When people are asked who they'd invite to a dream dinner party, the list often features pillars of the world's religions – Moses sharing grapes with the Buddha, Jesus and Mohammed chatting over a cup of decaf. No one ever imagines the world's great atheists at the table, probably knowing that they'd just grumble about the seating arrangements and why they weren't invited to be keynote speakers at the next God-free convention.
I say this as an atheist: My goodness, we've become a smug, dreary, proselytizing lot. We, the fervent unbelievers, have won the war and yet are still behaving like persecuted outsiders. Atheists now have their own "church," the Sunday Assembly, which began in London but has spread to the United States and Australia; we have our own bestselling sacred texts, the most revered of which are Christopher Hitchens's God Is Not Great and Richard Dawkins's The God Delusion.
We have our own rock stars: You need only watch the documentary The Unbelievers, featuring Prof. Dawkins, a famed evolutionary biologist, and American physicist Lawrence Krauss, to witness the reverence with which they're treated by their young audiences and Cameron Diaz alike. In the documentary, shown at the Hot Docs festival in Toronto this year, the two science-promoting, belief-shredding atheists are greeted with the kind of hosannas you normally associate with pompadoured, holy-rolling televangelists selling the afterlife in glass cathedrals in the American heartland.
And, of course, we have our own pet government in the Parti Québécois, which has brought the secular tablet down from the mountain and called it, with management consultant flair, a "charter of values." What is bad for religion is sure to be good for bureaucracy, and I intend to apply for the position of Official Measurer of Crucifixes and Stars of David as soon as it's posted.

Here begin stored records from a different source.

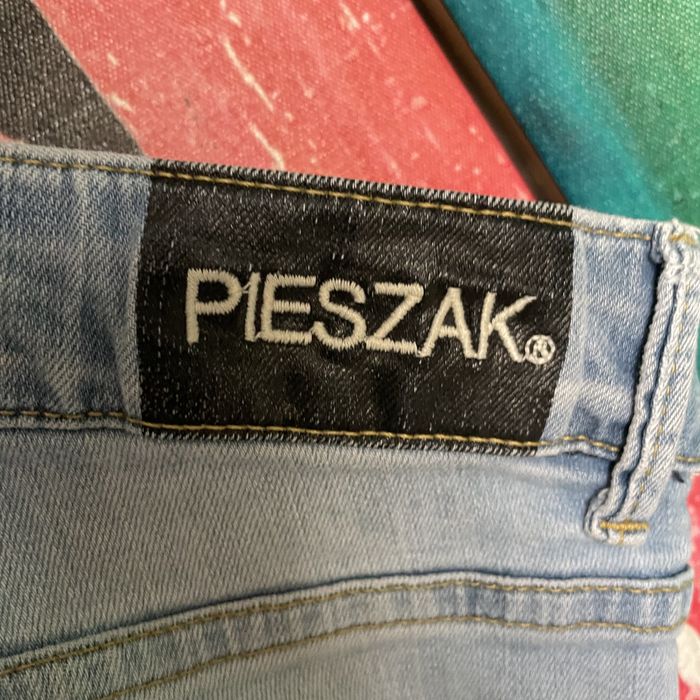 Spodnie jeansowe z dziurami Pieszak [27]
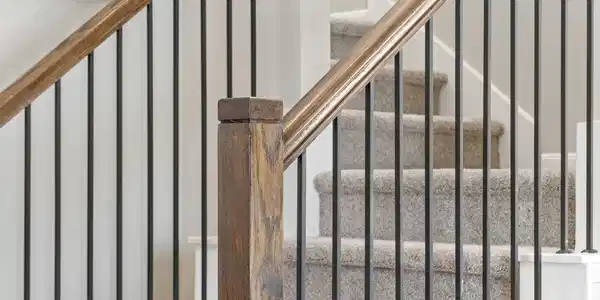 Image 2: Elegant staircase featuring rich stained wood hand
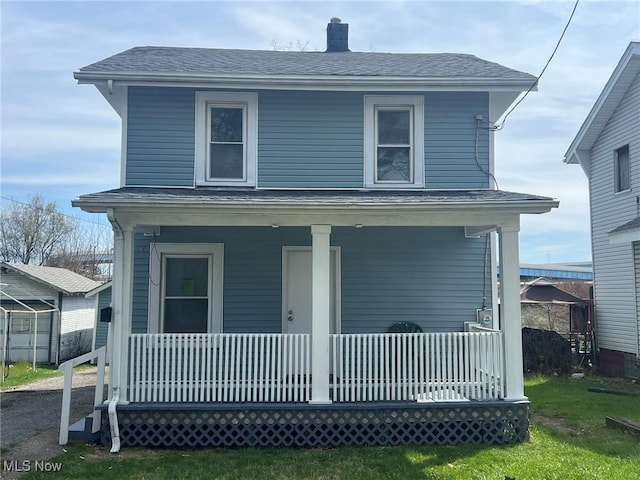 view of front facade with a front yard, a porch, a chimney, and a shingled roof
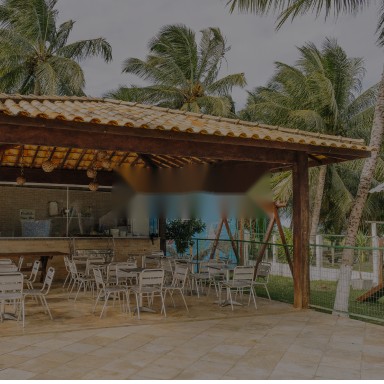 Quiosque coberto com mesas e cadeiras junto ao jardim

Religious observance and worship are down, all over the Western world, and skepticism is up. Even the Pope has thrown in the cassock: In a letter to La Repubblica this week, responding to the editor's question about what the Catholic Church thinks of atheists, Pope Francis did not write, "Two words: eternal barbecue!" but instead: "The question for those who do not believe in God is to follow their own conscience. … To listen and to follow your conscience means that you understand the difference between good and evil."
When the Pope's on your side, you know it's time to pack up the martyr complex and go home. Prof. Dawkins, who has written about wanting to free believers from "the vice of religion," acknowledged this week in a Times of London interview that skeptics have the high ground these days. "I think on the whole we are winning," he told the newspaper. "We are all moving in the same direction. I get the feeling more and more that religion is being left behind."
You might think this would mean he and other high-profile atheists would be gracious in victory, magnanimous to their trounced enemies. On the contrary, they behave as if they're still governing from a minority position and lashing out in defensiveness. (Perhaps they've been visiting Ottawa?)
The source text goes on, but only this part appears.